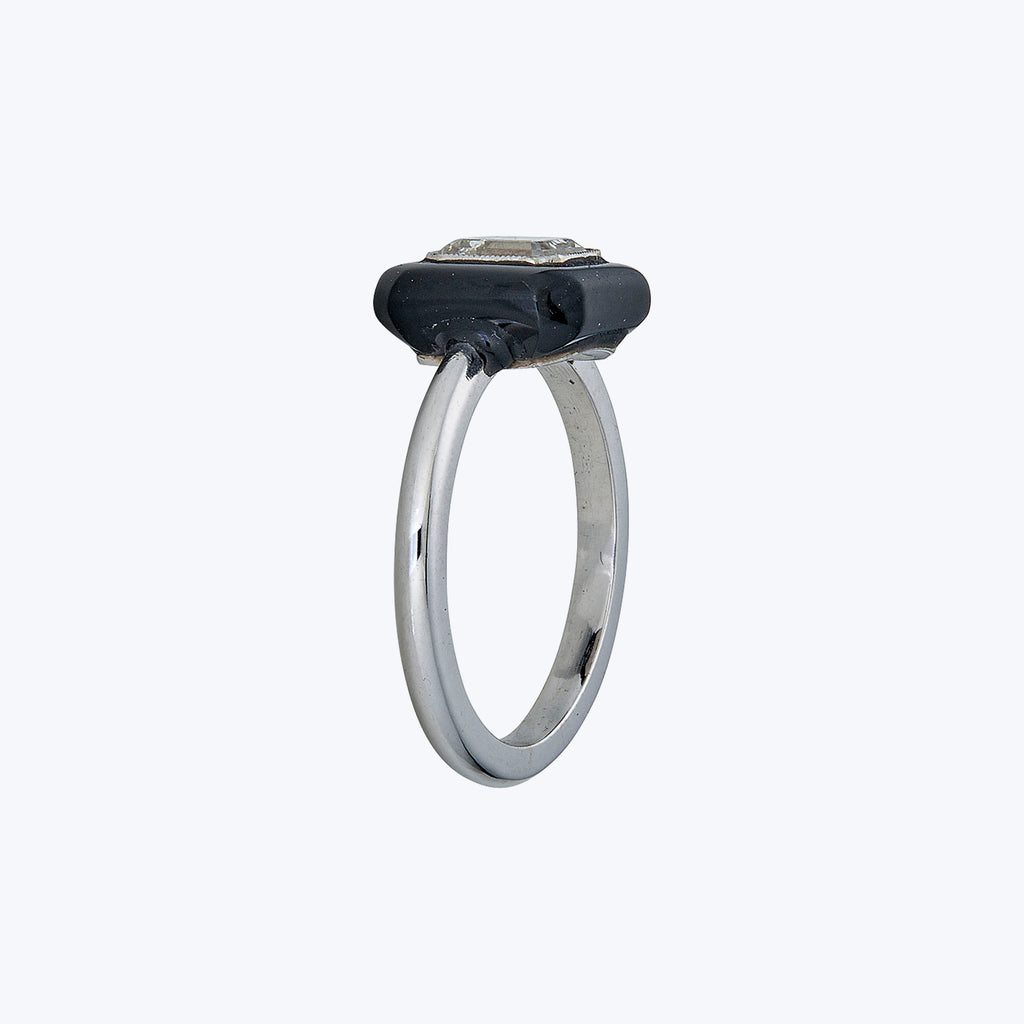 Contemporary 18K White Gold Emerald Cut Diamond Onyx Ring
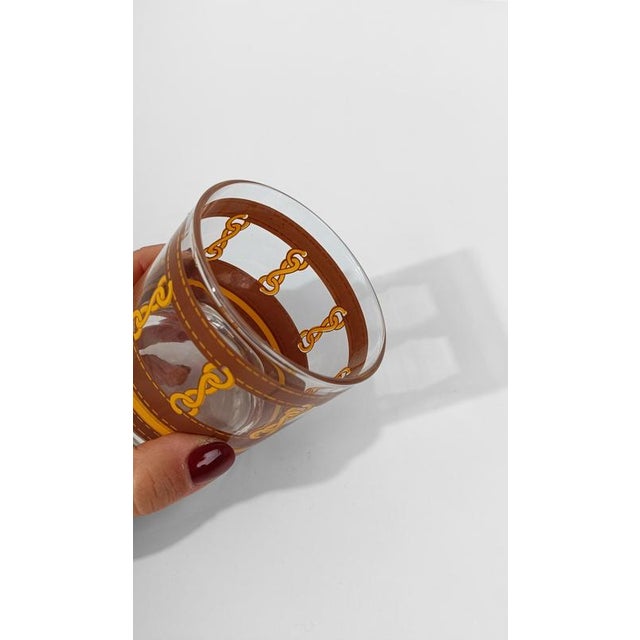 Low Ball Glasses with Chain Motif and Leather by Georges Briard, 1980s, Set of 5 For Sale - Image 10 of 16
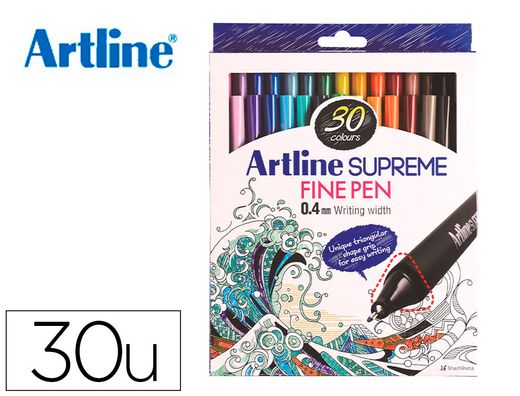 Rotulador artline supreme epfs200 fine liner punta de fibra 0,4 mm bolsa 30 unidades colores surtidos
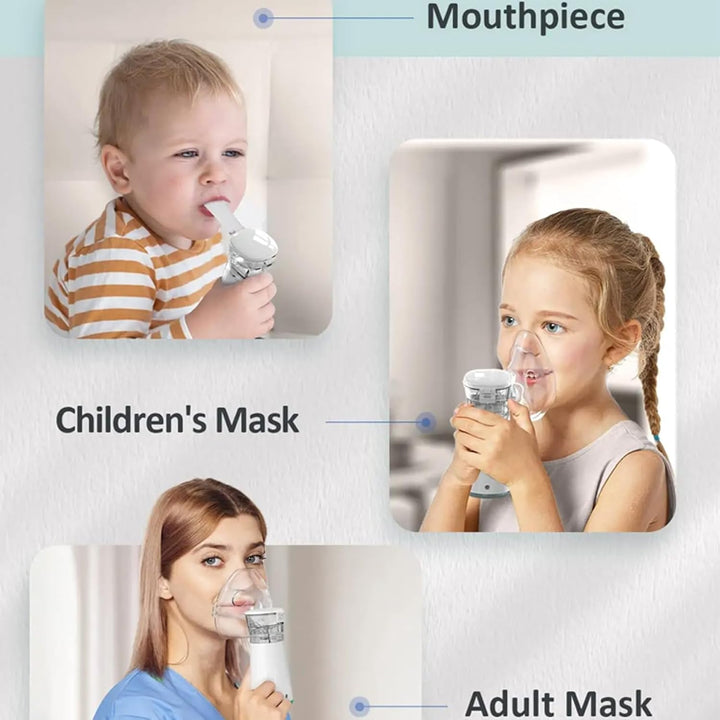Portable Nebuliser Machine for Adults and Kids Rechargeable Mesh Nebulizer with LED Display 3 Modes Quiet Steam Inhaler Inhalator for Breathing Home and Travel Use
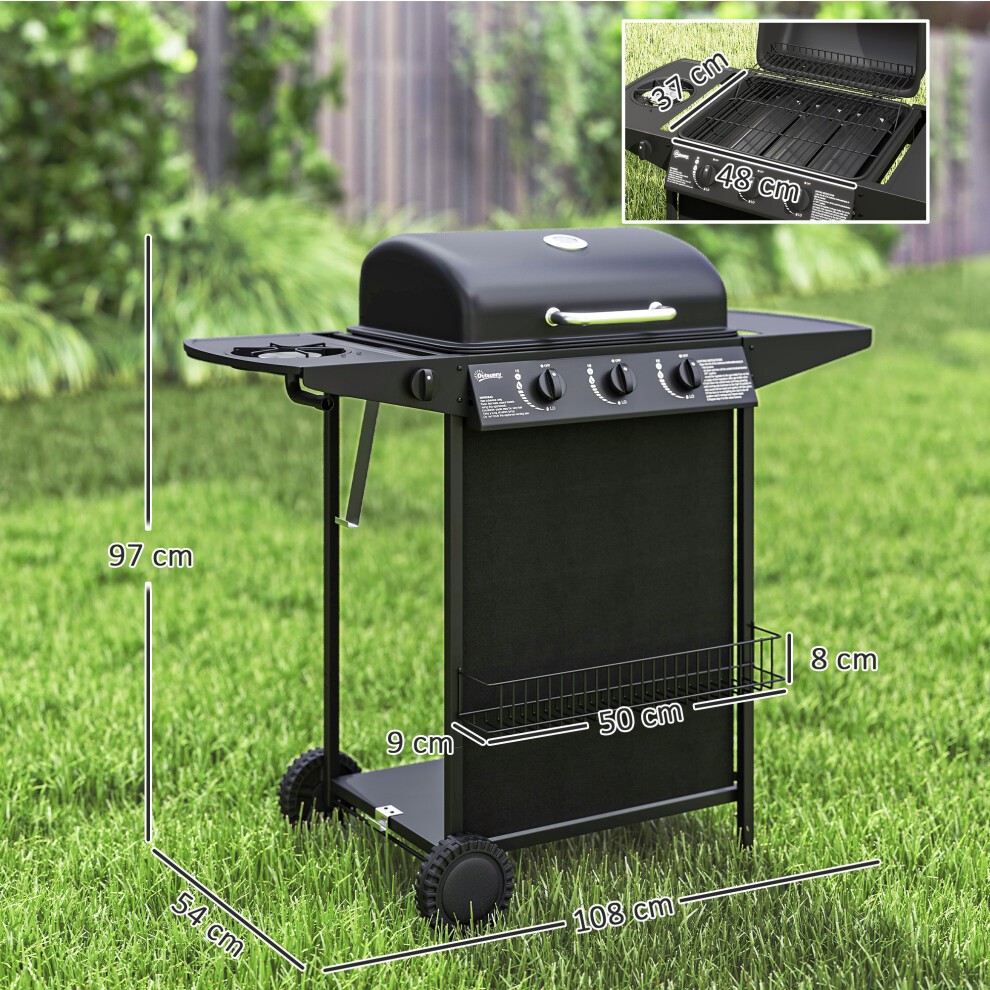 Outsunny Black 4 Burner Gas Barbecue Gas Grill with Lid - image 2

# What you need to do:
Without the images, print all of the lines above exactly.

# Solution to this problem:
 Contemporary 18K White Gold Emerald Cut Diamond Onyx Ring
 Low Ball Glasses with Chain Motif and Leather by Georges Briard, 1980s, Set of 5 For Sale - Image 10 of 16
 Rotulador artline supreme epfs200 fine liner punta de fibra 0,4 mm bolsa 30 unidades colores surtidos
Portable Nebuliser Machine for Adults and Kids Rechargeable Mesh Nebulizer with LED Display 3 Modes Quiet Steam Inhaler Inhalator for Breathing Home and Travel Use
 Outsunny Black 4 Burner Gas Barbecue Gas Grill with Lid - image 2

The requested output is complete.